-- Supplied material follows --

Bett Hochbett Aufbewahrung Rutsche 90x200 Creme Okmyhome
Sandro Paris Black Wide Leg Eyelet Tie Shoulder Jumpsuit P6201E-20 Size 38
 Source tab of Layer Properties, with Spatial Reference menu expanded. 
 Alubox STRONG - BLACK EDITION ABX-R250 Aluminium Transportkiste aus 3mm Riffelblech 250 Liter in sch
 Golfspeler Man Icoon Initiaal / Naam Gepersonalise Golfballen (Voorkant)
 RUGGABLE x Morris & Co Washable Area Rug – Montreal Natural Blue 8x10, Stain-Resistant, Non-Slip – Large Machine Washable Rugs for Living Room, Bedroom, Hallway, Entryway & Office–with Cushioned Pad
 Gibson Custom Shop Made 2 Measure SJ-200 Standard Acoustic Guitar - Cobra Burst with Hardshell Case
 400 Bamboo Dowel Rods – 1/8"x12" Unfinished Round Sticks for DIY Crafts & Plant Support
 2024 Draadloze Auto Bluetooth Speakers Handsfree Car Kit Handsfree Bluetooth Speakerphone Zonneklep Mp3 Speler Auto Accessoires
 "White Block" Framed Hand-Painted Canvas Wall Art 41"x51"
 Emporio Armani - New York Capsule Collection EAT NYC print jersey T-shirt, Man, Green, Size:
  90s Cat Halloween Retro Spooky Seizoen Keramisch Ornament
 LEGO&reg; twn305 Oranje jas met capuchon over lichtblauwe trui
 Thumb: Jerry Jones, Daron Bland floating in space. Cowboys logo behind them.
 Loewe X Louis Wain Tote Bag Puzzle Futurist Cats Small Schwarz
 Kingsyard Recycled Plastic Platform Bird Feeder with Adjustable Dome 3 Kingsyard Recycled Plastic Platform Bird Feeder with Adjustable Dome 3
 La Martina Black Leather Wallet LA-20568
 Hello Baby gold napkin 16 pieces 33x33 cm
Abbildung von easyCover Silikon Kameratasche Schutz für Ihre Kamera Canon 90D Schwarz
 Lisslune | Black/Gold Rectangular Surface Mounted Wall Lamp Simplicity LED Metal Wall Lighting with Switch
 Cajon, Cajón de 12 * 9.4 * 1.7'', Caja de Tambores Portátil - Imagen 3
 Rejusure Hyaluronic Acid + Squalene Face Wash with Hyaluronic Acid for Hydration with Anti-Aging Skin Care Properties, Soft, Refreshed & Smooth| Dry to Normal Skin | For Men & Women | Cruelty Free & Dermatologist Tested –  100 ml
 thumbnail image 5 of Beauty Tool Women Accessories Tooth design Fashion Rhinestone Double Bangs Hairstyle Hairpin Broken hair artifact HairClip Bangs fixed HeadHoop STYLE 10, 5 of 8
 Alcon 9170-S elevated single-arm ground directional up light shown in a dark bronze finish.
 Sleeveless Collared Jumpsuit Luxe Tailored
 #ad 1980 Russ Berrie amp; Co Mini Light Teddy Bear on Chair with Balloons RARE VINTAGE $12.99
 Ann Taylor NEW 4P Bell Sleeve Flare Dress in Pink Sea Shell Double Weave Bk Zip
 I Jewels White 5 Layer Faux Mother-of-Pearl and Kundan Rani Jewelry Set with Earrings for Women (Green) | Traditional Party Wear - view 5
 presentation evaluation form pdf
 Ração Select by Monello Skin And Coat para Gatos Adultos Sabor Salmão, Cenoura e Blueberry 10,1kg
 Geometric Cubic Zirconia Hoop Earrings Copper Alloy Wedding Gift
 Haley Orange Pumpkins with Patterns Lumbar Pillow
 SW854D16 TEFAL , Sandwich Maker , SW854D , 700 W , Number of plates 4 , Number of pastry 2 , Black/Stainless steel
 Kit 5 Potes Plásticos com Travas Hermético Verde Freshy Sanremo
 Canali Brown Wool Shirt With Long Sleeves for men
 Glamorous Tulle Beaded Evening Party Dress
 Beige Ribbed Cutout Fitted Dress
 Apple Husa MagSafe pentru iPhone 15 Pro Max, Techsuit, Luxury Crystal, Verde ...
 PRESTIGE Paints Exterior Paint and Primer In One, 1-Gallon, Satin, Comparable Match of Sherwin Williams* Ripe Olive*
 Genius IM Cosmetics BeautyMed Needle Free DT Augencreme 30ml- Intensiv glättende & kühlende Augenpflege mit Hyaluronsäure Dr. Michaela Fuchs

-- Supplied material concluded --

• Description of the task: Above are the lines; repeat exactly the ones from the line containing "Source tab of" down to the line containing "LEGO&reg; twn305 Oranje", both inclusive.

• Response:
 Source tab of Layer Properties, with Spatial Reference menu expanded. 
 Alubox STRONG - BLACK EDITION ABX-R250 Aluminium Transportkiste aus 3mm Riffelblech 250 Liter in sch
 Golfspeler Man Icoon Initiaal / Naam Gepersonalise Golfballen (Voorkant)
 RUGGABLE x Morris & Co Washable Area Rug – Montreal Natural Blue 8x10, Stain-Resistant, Non-Slip – Large Machine Washable Rugs for Living Room, Bedroom, Hallway, Entryway & Office–with Cushioned Pad
 Gibson Custom Shop Made 2 Measure SJ-200 Standard Acoustic Guitar - Cobra Burst with Hardshell Case
 400 Bamboo Dowel Rods – 1/8"x12" Unfinished Round Sticks for DIY Crafts & Plant Support
 2024 Draadloze Auto Bluetooth Speakers Handsfree Car Kit Handsfree Bluetooth Speakerphone Zonneklep Mp3 Speler Auto Accessoires
 "White Block" Framed Hand-Painted Canvas Wall Art 41"x51"
 Emporio Armani - New York Capsule Collection EAT NYC print jersey T-shirt, Man, Green, Size:
  90s Cat Halloween Retro Spooky Seizoen Keramisch Ornament
 LEGO&reg; twn305 Oranje jas met capuchon over lichtblauwe trui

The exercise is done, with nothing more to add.